# Transforming equations of the form $ax''+b(x^2-1)x'+cx=0$ into van der Pol equations

Show that every equation of the form $$ax'' + b(x^2 - 1) x' + cx = 0$$ where $a, b, c > 0$ can be transformed into a van der Pol equation by a change in the independent variable.

I am unable to find this replacement. If anyone could help me or give a hint I would be grateful.

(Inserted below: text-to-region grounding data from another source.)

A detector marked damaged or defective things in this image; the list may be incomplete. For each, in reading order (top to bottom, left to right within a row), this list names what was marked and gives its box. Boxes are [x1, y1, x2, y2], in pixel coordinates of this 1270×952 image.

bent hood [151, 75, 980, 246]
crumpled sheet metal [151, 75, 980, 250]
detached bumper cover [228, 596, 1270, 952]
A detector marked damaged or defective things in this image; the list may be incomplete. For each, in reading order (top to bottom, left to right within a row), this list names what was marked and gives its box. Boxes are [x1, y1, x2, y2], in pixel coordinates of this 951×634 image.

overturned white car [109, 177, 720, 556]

• Maybe you could include Van der Pol's equation in the post. – coffeemath Jul 5 '14 at 23:21
• Van Der Pol's equation is $x''-\mu(1-x^2)x'+x=0$ @coffeemath – ClassicStyle Jul 5 '14 at 23:51

By dividing through by $c$ and pulling a negative out of the $x^2$ term we get the equation:

$$\frac acx''-\frac bc(1-x^2)x'+x=0$$

Now, let the dependent variable (usually $t$) be: $t=\sqrt{\frac ca} u$.

So now the derivatives via the chain rule will be:

$$\sqrt{\frac ca}x'$$ And $$\frac cax''$$

So plug this in and we see that the $a/c$ term cancels and we are left with:

$$x''-\frac{b\sqrt c}{c\sqrt a}(1-x^2)x'+x=0$$

Then let $\mu=\frac{b\sqrt c}{c\sqrt a}$.

$$x''-\mu(1-x^2)x'+x=0$$

EDIT

From the variable change our functions are now $x\left(\sqrt{\frac ca} u\right)$.

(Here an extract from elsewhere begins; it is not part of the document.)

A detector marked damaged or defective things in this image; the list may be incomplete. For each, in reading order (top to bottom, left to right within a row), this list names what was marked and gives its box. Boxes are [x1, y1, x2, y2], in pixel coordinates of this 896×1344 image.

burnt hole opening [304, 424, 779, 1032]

The primed notation can be a little confusing sometimes, so what we really have is:

$$\frac{d}{du}x\left(\sqrt{\frac ca} u\right)=x'\left(\sqrt{\frac ca} u\right)\frac{d}{du}\left(\sqrt{\frac ca} u\right)=\sqrt{\frac ca}x'$$

Then just repeat this process for the second derivative to obtain the $c/a$.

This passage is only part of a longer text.